# New Acquisition - Doxa - With a Middlesbrough Connection



## JoT (Aug 12, 2003)

New Arrival - early 1900's Doxa pocket watch - with a twist - A. G. Mascall Middlesbrough! Up The Boro!

Open dial, pendant set, the enamel single sunk dial has a few cracks and chips but overall pretty good.

The movement is a FHF (Fabrique d'Horlogerie de Fontainemelon) dating from early Late 1910's early 1920's

Case is Doxa branded and argentan coated and in very good condition, opening the case back there is a movement cover common on most Doxa pocket watches commemorating a gold medal they won in the 1900's.

A. G. Mascall (Alfred George) was a jeweller at 23 Linthorpe Road, Middlesbrough (the building is now part of M&S)

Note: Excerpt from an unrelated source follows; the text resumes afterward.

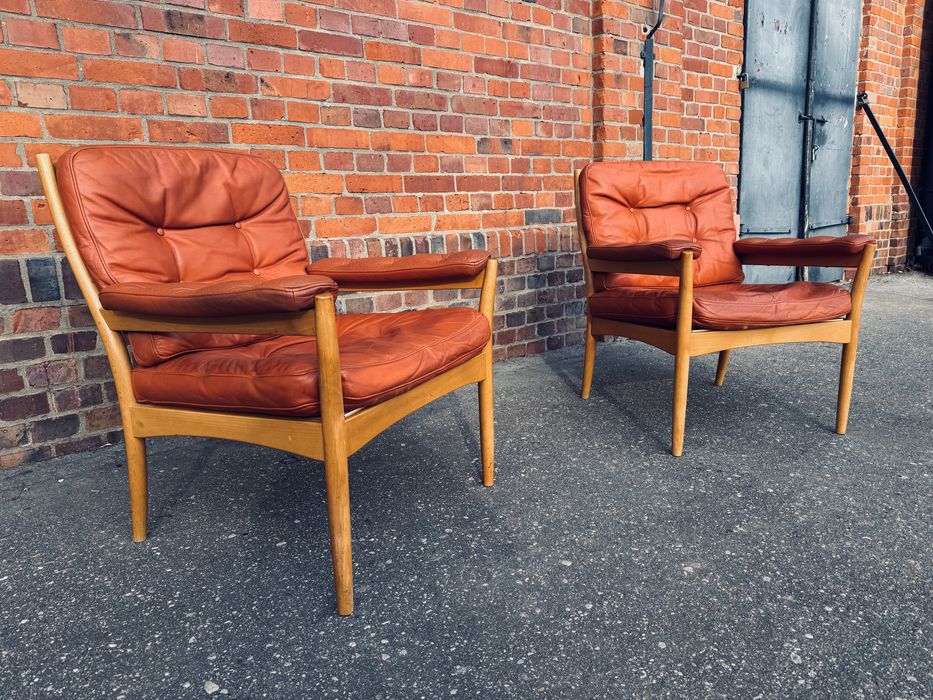 Komplet Szwedzkich foteli proj.Gunnar Kentemo,Göte-Möbler Nässjö,70s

Not a rare Doxa at all but it's the first A. G. Mascall dialed one I have seen


----------



## rolexgirl (Jul 17, 2010)

I like this one, but when are you going to stop fiddling with it?


----------



## JoT (Aug 12, 2003)

rolexgirl said:


> I like this one, but when are you going to stop fiddling with it?


 :watch:

It is now running about +15 seconds a day - so stopped fiddling with it


----------